### [Task requirements]
The records should be written out in full, with nothing altered.

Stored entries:
Start of Block

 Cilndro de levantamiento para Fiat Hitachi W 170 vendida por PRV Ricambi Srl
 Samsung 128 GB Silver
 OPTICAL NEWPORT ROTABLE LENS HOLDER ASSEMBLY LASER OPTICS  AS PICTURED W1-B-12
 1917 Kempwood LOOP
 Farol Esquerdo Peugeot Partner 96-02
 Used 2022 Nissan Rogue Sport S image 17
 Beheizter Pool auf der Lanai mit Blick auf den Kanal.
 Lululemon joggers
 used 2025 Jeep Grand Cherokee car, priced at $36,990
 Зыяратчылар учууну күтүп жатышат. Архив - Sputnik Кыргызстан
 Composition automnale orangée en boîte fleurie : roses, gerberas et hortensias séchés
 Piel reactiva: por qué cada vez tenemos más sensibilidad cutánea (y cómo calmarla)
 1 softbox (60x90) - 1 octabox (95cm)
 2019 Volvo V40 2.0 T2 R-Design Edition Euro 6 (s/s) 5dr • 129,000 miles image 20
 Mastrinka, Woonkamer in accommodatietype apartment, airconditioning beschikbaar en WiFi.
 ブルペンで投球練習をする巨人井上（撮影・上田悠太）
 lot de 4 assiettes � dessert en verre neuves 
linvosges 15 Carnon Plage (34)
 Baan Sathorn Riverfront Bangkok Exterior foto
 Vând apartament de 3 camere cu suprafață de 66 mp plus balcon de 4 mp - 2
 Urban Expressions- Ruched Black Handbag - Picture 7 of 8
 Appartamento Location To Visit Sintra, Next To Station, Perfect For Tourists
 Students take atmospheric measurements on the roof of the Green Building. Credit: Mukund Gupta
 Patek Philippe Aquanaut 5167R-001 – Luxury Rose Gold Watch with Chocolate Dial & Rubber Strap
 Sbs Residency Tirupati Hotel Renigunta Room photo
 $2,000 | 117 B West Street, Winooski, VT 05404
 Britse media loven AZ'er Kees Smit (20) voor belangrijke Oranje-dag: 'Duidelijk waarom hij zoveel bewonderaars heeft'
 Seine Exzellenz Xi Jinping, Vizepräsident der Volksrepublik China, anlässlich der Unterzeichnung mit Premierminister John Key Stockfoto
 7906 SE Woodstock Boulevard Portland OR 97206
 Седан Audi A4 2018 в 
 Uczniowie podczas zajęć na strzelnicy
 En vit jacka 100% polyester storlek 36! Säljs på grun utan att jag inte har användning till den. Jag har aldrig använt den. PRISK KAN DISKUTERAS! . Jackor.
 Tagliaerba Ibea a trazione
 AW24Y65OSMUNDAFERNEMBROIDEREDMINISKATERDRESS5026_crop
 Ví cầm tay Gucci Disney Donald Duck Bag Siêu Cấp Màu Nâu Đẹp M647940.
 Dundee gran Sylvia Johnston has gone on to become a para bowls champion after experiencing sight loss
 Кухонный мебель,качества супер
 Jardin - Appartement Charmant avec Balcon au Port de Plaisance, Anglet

End of Block

### [Solved exercise]
 Cilndro de levantamiento para Fiat Hitachi W 170 vendida por PRV Ricambi Srl
 Samsung 128 GB Silver
 OPTICAL NEWPORT ROTABLE LENS HOLDER ASSEMBLY LASER OPTICS  AS PICTURED W1-B-12
 1917 Kempwood LOOP
 Farol Esquerdo Peugeot Partner 96-02
 Used 2022 Nissan Rogue Sport S image 17
 Beheizter Pool auf der Lanai mit Blick auf den Kanal.
 Lululemon joggers
 used 2025 Jeep Grand Cherokee car, priced at $36,990
 Зыяратчылар учууну күтүп жатышат. Архив - Sputnik Кыргызстан
 Composition automnale orangée en boîte fleurie : roses, gerberas et hortensias séchés
 Piel reactiva: por qué cada vez tenemos más sensibilidad cutánea (y cómo calmarla)
 1 softbox (60x90) - 1 octabox (95cm)
 2019 Volvo V40 2.0 T2 R-Design Edition Euro 6 (s/s) 5dr • 129,000 miles image 20
 Mastrinka, Woonkamer in accommodatietype apartment, airconditioning beschikbaar en WiFi.
 ブルペンで投球練習をする巨人井上（撮影・上田悠太）
 lot de 4 assiettes � dessert en verre neuves 
linvosges 15 Carnon Plage (34)
 Baan Sathorn Riverfront Bangkok Exterior foto
 Vând apartament de 3 camere cu suprafață de 66 mp plus balcon de 4 mp - 2
 Urban Expressions- Ruched Black Handbag - Picture 7 of 8
 Appartamento Location To Visit Sintra, Next To Station, Perfect For Tourists
 Students take atmospheric measurements on the roof of the Green Building. Credit: Mukund Gupta
 Patek Philippe Aquanaut 5167R-001 – Luxury Rose Gold Watch with Chocolate Dial & Rubber Strap
 Sbs Residency Tirupati Hotel Renigunta Room photo
 $2,000 | 117 B West Street, Winooski, VT 05404
 Britse media loven AZ'er Kees Smit (20) voor belangrijke Oranje-dag: 'Duidelijk waarom hij zoveel bewonderaars heeft'
 Seine Exzellenz Xi Jinping, Vizepräsident der Volksrepublik China, anlässlich der Unterzeichnung mit Premierminister John Key Stockfoto
 7906 SE Woodstock Boulevard Portland OR 97206
 Седан Audi A4 2018 в 
 Uczniowie podczas zajęć na strzelnicy
 En vit jacka 100% polyester storlek 36! Säljs på grun utan att jag inte har användning till den. Jag har aldrig använt den. PRISK KAN DISKUTERAS! . Jackor.
 Tagliaerba Ibea a trazione
 AW24Y65OSMUNDAFERNEMBROIDEREDMINISKATERDRESS5026_crop
 Ví cầm tay Gucci Disney Donald Duck Bag Siêu Cấp Màu Nâu Đẹp M647940.
 Dundee gran Sylvia Johnston has gone on to become a para bowls champion after experiencing sight loss
 Кухонный мебель,качества супер
 Jardin - Appartement Charmant avec Balcon au Port de Plaisance, Anglet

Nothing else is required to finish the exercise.